But it isn't the end of the world, Britain still has what it takes to thrive in other areas
There’s a bunch of people who I am sure this month’s issue of Develop will rankle. Good.
For all the championing everyone in the UK games development sector has done – even Develop through our increasingly popular Industry Excellence Awards, which services all of Europe – it’s clear that Great Britain ain’t so great on the global stage we once dominated.
It’s not just a ‘the writing’s on the wall’ scenario. The facts bear this out. Tiga’s recent census of the UK sector shows that half of the jobs lost in the UK went overseas, three-quarters of them to Canada.
Some more anecdotal context: our ‘Six Reasons Why Canada Thrives As UK Shrinks’ mini-feature wasn’t a stretch to put together, it tripped off the tongue given the many positive things Canadian patriots (many of them UK ex-pats) relayed to us.
So yes, a long list of games that includes Assassin’s Creed, Splinter Cell and Mass Effect proves a new fact of life; the UK just can’t cut it in the big boy league of traditional games.
APB killed RTW. Enslaved was effectively a flop. Even this month’s diamond releases that show the strength of UK development are the new Bond games by Bizarre and Eurocom – games ultimately based on a sure-thing licence and bankrolled by the richest publisher in the world. Yes, there’s Fable, Batman or GTA – but they are exceptions to rule.
But you know what? Let’s leave the triple-A games to Canada. It’s territory lost that we just can’t win back.
Despite this, the dynamism that defined the UK industry’s strengths on fixed platforms in the ‘80s, ‘90s and ‘00s – Spectrum, SNES or PS2 – hasn’t disappeared. But it has moved on.
The exciting UK companies aren’t the 100-man studios pumping out 360 games, it’s nimbler non-traditional outfits. Moshi, Hello Games, Wonderland, Six to Start… Just ask EA: it’s the one that spent $500m in 12 months to buy iPhone and Facebook stars from London and Macclesfield.
UK developers, those that want to stay in the game in the UK, need to start preparing themselves for these arenas – if they aren’t already – and fast.
Why are GTA, Batman & Fable the exceptions to the rule whilst APB & Enslaved prove it? I also don't see how Enslaved's commercial success diminishes the developer's achievement or proves that they can't make a successful title. Evidently, Capcom don't either.
Don't think you've proven your point there.

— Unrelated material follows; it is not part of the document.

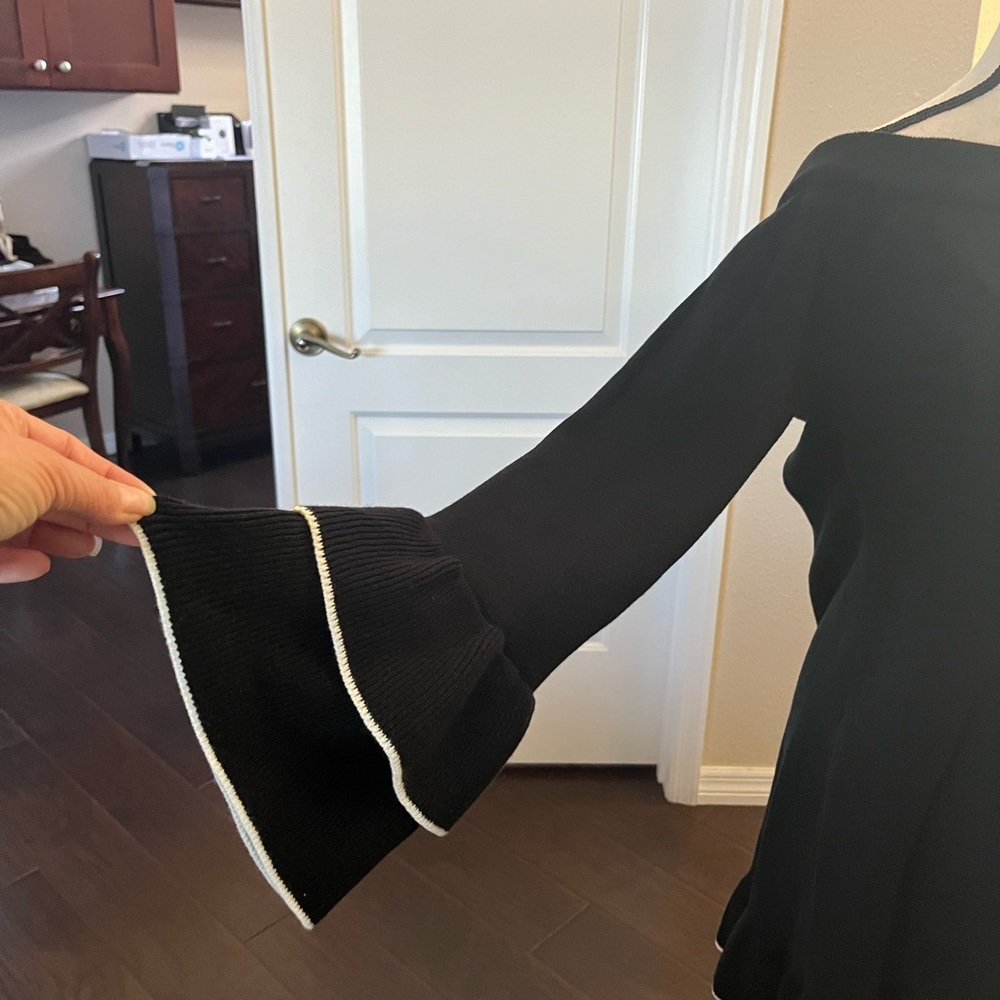 Beautiful off the shoulder sweater dress. - Picture 3 of 3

I'll also add that (& this is a broad statement) the studios best placed to make AAA titles are those that are relatively new (Ninja Theory & Splash Damage) or those that have gone through a massive crisis & have effectively been remodelled anew (Rockstar North/DMA, Rocksteady/Argonaut). This is as they can adopt best practice & new technology without internal resistance. Studio politics are the bane of Britain's longest standing companies.
Young studios, like Ubisoft's or THQ's new Canadian bases, would be the type that would be created here, if we had tax breaks to rival Canada's.